I governatori di centrodestra attaccano il Governo e rivendicano la propria autonomia decisionale, applicando provvedimenti meno stringenti di quelli disposti dal nuovo Dpcm.
Lo scontro diviene politico
La tensione tra Regioni e Governo è più accesa che mai. Durante la videoconferenza di ieri, il ministro per gli Affari Regionali Francesco Boccia ha severamente ammonito i governatori affinché le ordinanze regionali fossero coerenti con il Dpcm. “Se ci sono ordinanze non coerenti invio una diffida, una lettera con la scheda indicando le parti incoerenti e la richiesta di rimuoverle (solo in caso di allentamento delle misure). Se non avviene sarò costretto a ricorrere all’impugnativa al Tar o alla Consulta” ha dichiarato, ipotizzando così il ricorso alla Corte Costituzionale. Le Regioni, d’altra parte, rimangono ferme sulle proprie decisioni.

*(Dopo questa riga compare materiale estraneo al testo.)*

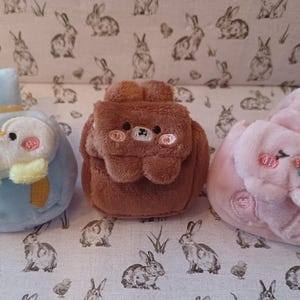 May include: Three plush animal-shaped coin purses. The blue purse is a penguin, the brown one is a bear, and the pink one is a bunny. Each has embroidered details and a small handle or strap. The background is a fabric with a rabbit pattern.
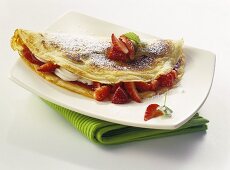 Pancakes with wild strawberries
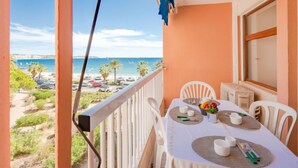 A balcony with a table set for two, overlooking a beach with parked cars and palm trees. - Le Méditerranée by Interhome (Fréjus)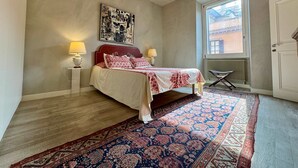 A bedroom with a bed, two bedside lamps, a chandelier, a large window, and a door. - Chic Rome Apartment Master Bonus Study Bedroom (Rome)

Ammutinamento e pressioni sociali
Da oggi infatti la Calabria darà il via libera alla riapertura di bar, ristoranti, pasticcerie e agriturismi “con somministrazione esclusiva attraverso i tavoli all’aperto”, ordinanza in netto contrasto con il Dpcm in vigore fino al 3 maggio. Intanto il governatore Bardi ha predisposto tamponi obbligatori per chiunque entri in Basilicata. Dietro a questi gesti di ribellione contro provvedimenti ritenuti troppo restrittivi, ci sarebbe la considerevole pressione che commercianti, ristoratori, albergatori e parrucchieri esercitano sui governatori stessi per poter riaprire le rispettive attività. Ancora aperta resta poi la questione dei trasporti pubblici, per cui oggi si terrà un incontro con la ministra dei Trasporti Paola De Micheli.
La sconfitta del compromesso
Eppure Boccia aveva cercato di venire incontro alle richieste delle Regioni, promettendo un’interpretazione meno severa delle prescrizioni del decreto con le prossime faq e l’allentamento, a partire dal 18 maggio, dei divieti su base territoriale. “Diamoci un metodo, rendiamo costante il confronto tra gli uffici per coordinarci meglio“, così il ministro aveva esortato alla cooperazione i governatori, invito che oggi è stato definitivamente rifiutato. E in mezzo a questo gran caos, con la Lega che da ieri sera occupa le aule di Camera e Senato e il rifiuto da parte delle Regioni di rispettare le decisioni dell’esecutivo, Conte non può che condannare come “illegittime” e “improvvide” le iniziative degli enti locali. “Non possiamo permettere che gli sforzi compiuti risultino vani per imprudenze in questa fase così delicata. Qualsiasi atteggiamento ondivago – ha aggiunto il Presidente del Consiglio-, come passare dalla politica del chiudiamo tutto al riapriamo tutto, rischierebbe di compromettere in maniera irreversibile questi sforzi“.
I criteri per le nuove zone rosse
Nonostante la diatriba tra Regioni e Governo, è stata ultimata la circolare della Salute che fissa i criteri per le nuove zone rosse. L’articolo 2 del nuovo Dpcm stabilisce che le Regioni avranno il compito di monitorare i dati e proporre “le misure restrittive necessarie e urgenti” per le attività produttive al ministro della Salute. In particolare, dovranno essere tenuti sotto rigido controllo tre indicatori: il primo quantifica la velocità del virus e la disponibilità di posti letto in terapia intensiva e altri ricoveri, mentre gli altri due si riferiscono all’andamento dei casi e alla capacità di effettuare tamponi e tracciare i positivi.